The thermal runaway propagation characteristics of lithium iron phosphate batteries under different states of charge were studied, and the energy flow distribution of the battery during thermal runaway propagation was obtained. Firstly, the influence of the state of charge on the thermal runaway propagation behavior is analyzed, the average heat transfer power is calculated based on the heat transfer theory, and then the heat transfer is calculated, and the proportional relationship of heat transfer through different heat transfer paths is revealed.

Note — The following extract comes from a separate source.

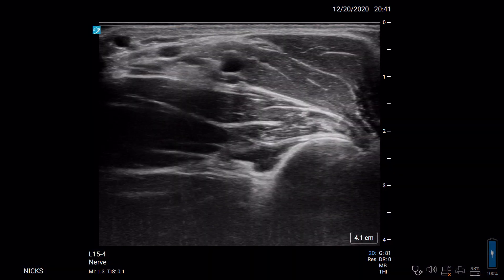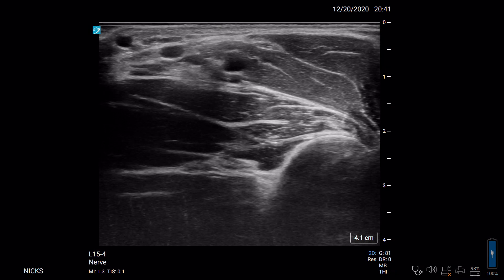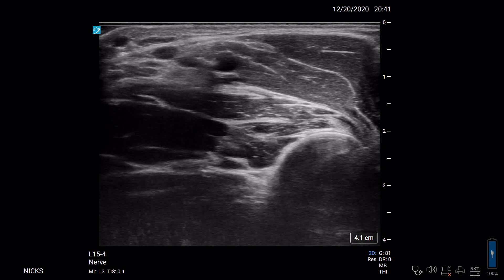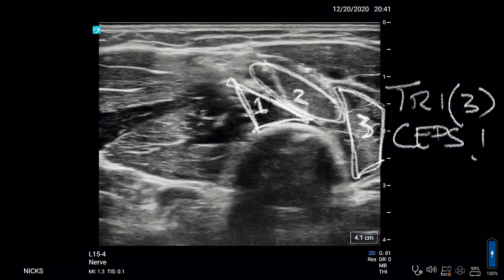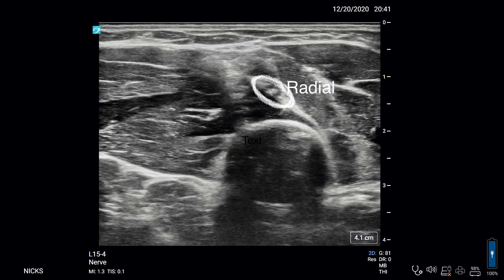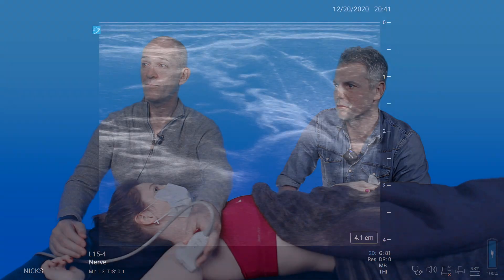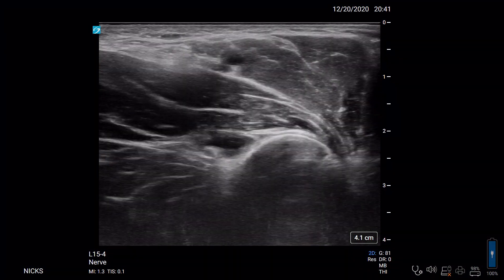I've set the depth deliberately deep here so I want to see the humerus in the bottom right corner of the screen. You can see the bony humerus and the teres major — the conjoint tendon. I call it the US Postal Eagle: it looks like the beak of an eagle going into the ultrasound screen. When I scan down I can see the heads of the tricep — the radial nerve is actually scooting down between those heads. When scanning medially and up the arm, if you see that US Postal Eagle, you are proximal enough that the radial nerve is there even if you can't see it.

Thermal runaway mechanism and ** model of 280ah lithium iron phosphate battery
The thermal runaway mechanism of 280Ah lithium iron phosphate battery was studied by a combination of experimental and first-class methods, and a thermal runaway model suitable for multiple scenarios was established. Firstly, based on the comprehensive DSC experiments of battery materials, the timing of the internal side reactions in the case of thermal runaway of the battery, and based on the DSC experiments at multiple heating rates, the activation energy and pre-index factors of the main side reactions were obtained by combining the Kismsinger method, and other model parameters were obtained by nonlinear fitting. Based on the experimental research, the thermal runaway** model was established, and the effectiveness of the model was verified by the ARC experiment and the side heating thermal runaway experiment, so as to further analyze the internal temperature distribution of the battery and the characteristics of the battery during thermal runaway.
Barrier effect of different thermal insulation materials on the thermal runaway propagation of 280 ah lithium iron phosphate battery (click to read the original article).
The inhibition effect of different thermal insulation materials on the thermal runaway propagation of the battery under different layout modes was explored through experiments, and the peak temperature of the protected battery under different barrier conditions was obtained, and the influence of heat transfer inside the battery module on the protected battery under the partition barrier layout mode (placing thermal insulation materials every three cells) was revealed.